Ted David has worked at CNBC since the business network launched in 1989. He likes his colleagues. Respects his bosses. Enjoys his current gig as a senior anchor of CNBC Business Radio. But when his contract with the network is up this spring, Mr. David will cast his eyes longingly in the direction of a fledging rival.
He would like someday soon to work at the Fox Business Network (FBN).
“I cannot imagine a more tempting possibility,” Mr. David told NYTV when reached by phone. A few days earlier, the industry-news blog TV Newser had reported rumors that Mr. David had been seen recently at the Fox News headquarters. Mr. David denied it, but was far from coy about his interest in FBN.
So why would a seasoned newsman, happy with his current job at the dominant national business network, contemplate jumping to an unproven rival? Mr. David spoke fondly of the long-ago days of CNBC’s infancy, and sounded eager to participate in another start-up. He added that he has “a lot of friends” at FBN, mentioning Alexis Glick, a former CNBC contributor who’s now FBN’s director of business news, and Kevin Magee, FBN’s executive vice president, with whom Mr. David used to work at ABC News. But mostly, Mr. David made clear, his interest in FBN, which is set to launch next month, comes down to one man:
Mr. Ailes served as president of CNBC for several years in the mid-90’s. He is generally credited with pumping up ratings, making the network profitable and instituting a successful strategy of packing prime time with talk shows. In 1996, he left CNBC to help launch Rupert Murdoch’s Fox News Channel. In the public imagination, Mr. Ailes’ success at Fox News has long since eclipsed his role in reviving CNBC. Not so among his former colleagues at CNBC.
“I watched him transform CNBC,” said Mr. David. “The guy is a genius. Before I leave this business I want to work for him again.”

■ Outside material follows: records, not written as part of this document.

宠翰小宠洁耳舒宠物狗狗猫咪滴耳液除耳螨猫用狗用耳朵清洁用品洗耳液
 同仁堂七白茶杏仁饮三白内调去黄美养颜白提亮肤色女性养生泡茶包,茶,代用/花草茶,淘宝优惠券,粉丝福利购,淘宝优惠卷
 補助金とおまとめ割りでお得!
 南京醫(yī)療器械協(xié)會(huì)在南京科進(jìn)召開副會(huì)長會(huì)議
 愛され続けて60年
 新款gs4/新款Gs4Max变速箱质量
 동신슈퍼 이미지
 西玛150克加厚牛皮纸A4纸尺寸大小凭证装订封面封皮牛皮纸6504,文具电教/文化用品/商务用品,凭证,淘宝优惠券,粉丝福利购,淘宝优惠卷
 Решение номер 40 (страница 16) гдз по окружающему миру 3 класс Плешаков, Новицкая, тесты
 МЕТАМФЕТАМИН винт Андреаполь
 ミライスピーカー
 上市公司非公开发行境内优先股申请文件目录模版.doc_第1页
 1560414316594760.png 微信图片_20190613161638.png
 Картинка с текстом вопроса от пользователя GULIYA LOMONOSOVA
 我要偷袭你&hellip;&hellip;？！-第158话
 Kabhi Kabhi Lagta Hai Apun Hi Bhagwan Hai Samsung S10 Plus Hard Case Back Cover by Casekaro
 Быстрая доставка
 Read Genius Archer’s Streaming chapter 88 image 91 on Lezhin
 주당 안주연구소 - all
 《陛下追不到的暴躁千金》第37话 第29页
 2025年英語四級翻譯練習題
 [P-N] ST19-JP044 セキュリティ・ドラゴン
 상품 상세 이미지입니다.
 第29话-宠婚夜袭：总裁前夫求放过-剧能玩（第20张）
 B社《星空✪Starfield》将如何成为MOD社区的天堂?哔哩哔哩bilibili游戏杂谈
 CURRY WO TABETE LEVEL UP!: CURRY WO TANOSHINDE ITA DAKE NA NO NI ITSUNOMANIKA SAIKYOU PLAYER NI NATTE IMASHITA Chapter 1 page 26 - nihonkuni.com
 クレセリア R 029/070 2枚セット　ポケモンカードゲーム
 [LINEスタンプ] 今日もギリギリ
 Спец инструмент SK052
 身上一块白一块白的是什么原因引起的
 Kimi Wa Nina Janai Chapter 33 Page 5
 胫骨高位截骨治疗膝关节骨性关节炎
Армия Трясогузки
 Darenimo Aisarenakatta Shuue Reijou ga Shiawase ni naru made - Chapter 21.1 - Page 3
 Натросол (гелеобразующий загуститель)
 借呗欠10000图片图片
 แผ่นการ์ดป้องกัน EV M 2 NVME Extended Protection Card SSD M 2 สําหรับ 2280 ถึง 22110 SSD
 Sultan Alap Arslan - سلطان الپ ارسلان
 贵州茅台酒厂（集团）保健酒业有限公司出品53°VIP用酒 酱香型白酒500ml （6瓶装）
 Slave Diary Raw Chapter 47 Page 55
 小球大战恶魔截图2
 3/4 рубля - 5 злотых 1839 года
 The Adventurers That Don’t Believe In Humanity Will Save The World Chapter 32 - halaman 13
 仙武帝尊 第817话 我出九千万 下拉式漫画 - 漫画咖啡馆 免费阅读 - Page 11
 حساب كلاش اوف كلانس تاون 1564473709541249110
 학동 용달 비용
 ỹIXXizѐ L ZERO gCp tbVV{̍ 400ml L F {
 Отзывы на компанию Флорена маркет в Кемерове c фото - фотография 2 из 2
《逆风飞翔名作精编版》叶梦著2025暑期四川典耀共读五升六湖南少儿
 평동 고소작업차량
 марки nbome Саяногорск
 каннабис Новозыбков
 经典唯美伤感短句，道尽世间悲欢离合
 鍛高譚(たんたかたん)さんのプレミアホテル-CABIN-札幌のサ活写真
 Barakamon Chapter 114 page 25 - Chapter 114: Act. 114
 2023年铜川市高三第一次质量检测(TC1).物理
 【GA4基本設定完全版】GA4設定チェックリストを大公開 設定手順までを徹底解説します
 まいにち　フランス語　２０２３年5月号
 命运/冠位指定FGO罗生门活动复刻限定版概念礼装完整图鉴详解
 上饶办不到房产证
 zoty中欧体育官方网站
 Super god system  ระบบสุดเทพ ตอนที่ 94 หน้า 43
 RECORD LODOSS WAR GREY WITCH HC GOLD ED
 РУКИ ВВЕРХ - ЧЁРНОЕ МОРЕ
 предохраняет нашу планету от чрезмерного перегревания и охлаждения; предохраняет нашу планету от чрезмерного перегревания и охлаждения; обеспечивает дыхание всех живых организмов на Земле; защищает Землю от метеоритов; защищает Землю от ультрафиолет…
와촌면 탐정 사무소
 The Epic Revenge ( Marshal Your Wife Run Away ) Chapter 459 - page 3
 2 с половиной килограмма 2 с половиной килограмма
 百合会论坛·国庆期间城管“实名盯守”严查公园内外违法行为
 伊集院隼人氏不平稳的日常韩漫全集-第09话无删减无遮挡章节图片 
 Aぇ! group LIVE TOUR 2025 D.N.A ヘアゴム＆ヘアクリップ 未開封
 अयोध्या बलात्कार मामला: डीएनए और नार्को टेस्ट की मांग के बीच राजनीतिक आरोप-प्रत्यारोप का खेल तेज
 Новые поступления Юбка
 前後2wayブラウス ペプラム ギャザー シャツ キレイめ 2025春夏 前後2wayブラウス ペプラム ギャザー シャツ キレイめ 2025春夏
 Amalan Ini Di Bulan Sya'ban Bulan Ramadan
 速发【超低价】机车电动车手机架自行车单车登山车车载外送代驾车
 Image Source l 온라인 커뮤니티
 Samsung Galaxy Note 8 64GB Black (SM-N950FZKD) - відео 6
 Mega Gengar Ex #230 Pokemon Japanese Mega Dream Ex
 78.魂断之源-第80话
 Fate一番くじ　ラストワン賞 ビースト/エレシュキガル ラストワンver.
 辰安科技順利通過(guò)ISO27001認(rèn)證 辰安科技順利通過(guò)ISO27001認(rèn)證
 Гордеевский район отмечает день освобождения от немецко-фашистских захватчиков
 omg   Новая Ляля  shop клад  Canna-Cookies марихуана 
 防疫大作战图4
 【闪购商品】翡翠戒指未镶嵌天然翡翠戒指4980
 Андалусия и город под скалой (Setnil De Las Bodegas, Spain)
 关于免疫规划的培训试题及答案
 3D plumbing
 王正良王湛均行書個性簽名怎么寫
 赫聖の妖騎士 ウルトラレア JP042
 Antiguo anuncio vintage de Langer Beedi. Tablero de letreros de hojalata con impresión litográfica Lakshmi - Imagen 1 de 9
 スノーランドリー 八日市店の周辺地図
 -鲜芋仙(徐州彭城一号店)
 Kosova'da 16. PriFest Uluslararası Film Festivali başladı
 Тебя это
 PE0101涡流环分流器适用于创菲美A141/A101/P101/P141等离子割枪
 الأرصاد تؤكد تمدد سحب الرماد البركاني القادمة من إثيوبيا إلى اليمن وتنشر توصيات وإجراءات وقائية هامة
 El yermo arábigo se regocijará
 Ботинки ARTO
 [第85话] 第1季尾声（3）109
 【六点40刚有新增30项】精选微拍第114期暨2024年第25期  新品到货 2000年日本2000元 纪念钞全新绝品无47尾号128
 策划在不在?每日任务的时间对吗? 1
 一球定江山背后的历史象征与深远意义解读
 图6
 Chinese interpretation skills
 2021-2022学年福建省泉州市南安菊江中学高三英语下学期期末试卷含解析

To date, Fox execs have said little in public about their vision for the new network, nor about their strategy for taking on CNBC. Mr. David said he had heard of no specific plans for FBN. His attraction is based on faith. “Anybody who tries to second-guess Roger Ailes is nuts,” he said. “I’m sure whatever it is, it’s carefully thought out and he knows exactly what he’s doing. I know what kind of a great mind he has in terms of running television.”
In preparing for the challenge from FBN, CNBC has recently improved its on-air graphics, beefed up its online presence and cultivated a number of hit personality and talk shows—most notably, Mad Money With Jim Cramer.
Still, doubts persist about CNBC’s programming strategy. Not long ago, in an apparent attempt to break new ground, the network aired a game show of sorts: Fast Money MBA Challenge, in which teams of business-school students square off in Jeopardy-style competitions. But ratings were lackluster and did little to inspire much faith in the network brass’ ability to create hits.
“The general feeling is that Fox will crush CNBC,” one pessimistic CNBC staffer told NYTV. “Politics aside, Ailes is worshiped. The leadership here is in total denial.”
“That’s nonsense,” said a CNBC spokesperson. “Sounds like someone who hasn’t been in the newsroom.”